編集について

「風の旅人」の編集の為、ある写真家の写真を仮で組んだところ、その方から、戸惑いの声があがった。自分では絶対にそう組まない組み方なので、自分の作品がまるで人ごとのように見えてしまうと。
 今までも、多くの写真から戸惑いの声がでることがあったが、それ以上、自分の考えを主張しなかったり、私に任せてどうなるか期待する人もあったが、その方は、写真に対する明確な考え方を持ち、それに添って厳密に創造行為をしている人なので、自分が納得できない形での掲載には同意できない旨を伝えてきた。
 私も、私が編集する雑誌だから自分の好きかってにやろうなどと思っていなくて、きっちりと対話することで、新たな気づきを得ることが大事だと考えている。
 ただ、私の方法論は、写真家の方であれ、執筆者の方であれ、まず最初に自分の解釈を相手に投げ出すことから始める。その解釈が間違っているかどうかではなく、解釈を投げ出すことから始めないと、編集は、「××特集」という記号的なタイトルの下に、絵と文章の配列で終わる。もしくは、作家特集、作品特集という博物館的な陳列に終わる。それでは、最善でもジャズのスタンダードナンバーを楽譜通りに演奏したBGM、共演者のレベルが低ければ、学生バンドのコピー音楽にしかならないのだ。
 おこがましい考えかもしれないが、編集行為には、ジャズのアレンジャーとしての使命がなければならないと私は思っている。 
つねに「全体」と「部分」の関係を有機的に動かしていて、どこかで決着をつけて形にしていく。その「全体」というのは雑誌全体のことでもあり、1人の写真家が構成する18ページでもある。そして、その決着の時に、一つの「部分」が力と熱気を帯びて、「部分」を超えた時空となることがある。そのオーラによって、他の「部分」が影響を受け、結果として全体のムードがガラリと変わることがある。また、一見、別物のように見える「断片」や「部分」たちが、「全体」とのあいだでシンクロしながら"対話"を交わしながら、スウィングしていく。そのようなダイナミズムによって、「全体」と「部分」の様相が変わり、新たな解釈が生じることもある。

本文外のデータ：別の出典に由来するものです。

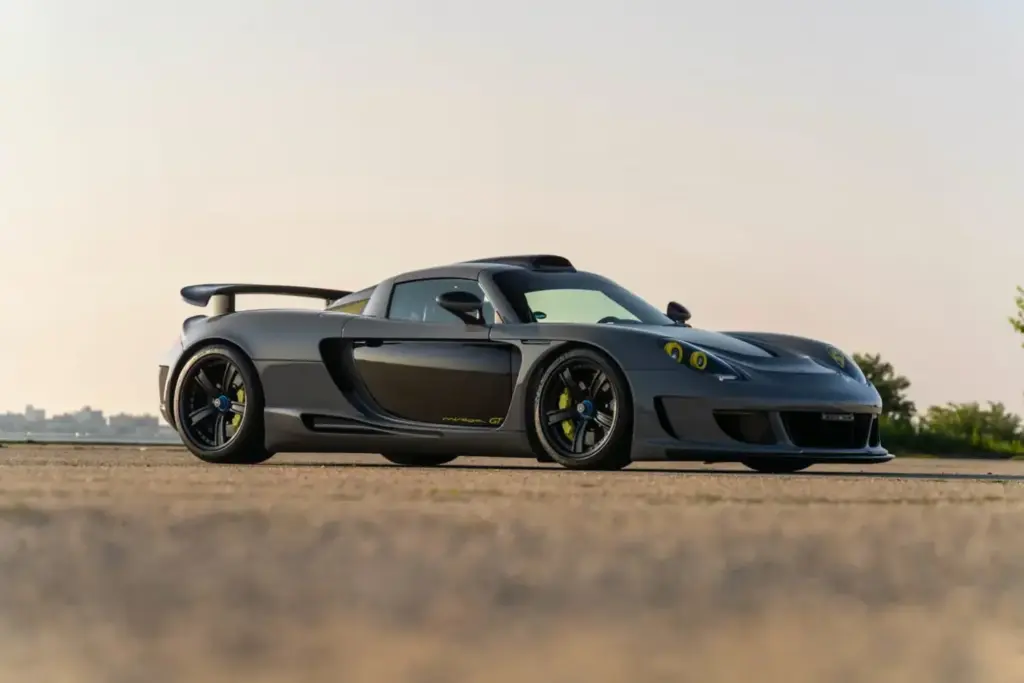 Gemballa Mirage GT: El Porsche Carrera GT más salvaje del que solo fabricaron 25 piezas 9 Motor16 2004 Gemballa Mirage GT Mecum 10 Motor16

 ただそうなるためには、編集者は、頭にある知識とかカテゴリーとか表面的なことだけに従って編んでいくのではなく、写真一つ一つ、文章一つ一つに宿っる叫びに耳をすますというか、聞き耳をたてるスタンスが必要だと思う。そのようにして、そこから生まれる相互関係を、探り寄せるように編み込んでいく。それが雑誌を構成することだと私は思う。
 ただ、それを実際に行うためには、先入観とか筋書きにとらわれてしまってはダメで、自分の生身の実感を信頼し、それに忠実であるより他に方法はない。
 それは同時に、自分が一度決めた企画や構成の筋書きにもとらわれないということで、常に解体と再構成の”間合い”を、自分のなかに設けておくことが必要になる。それは、思いのいっぱい詰まった”間”で、一瞬にして全体の様相を変えてしまう力が凝縮しているのだ。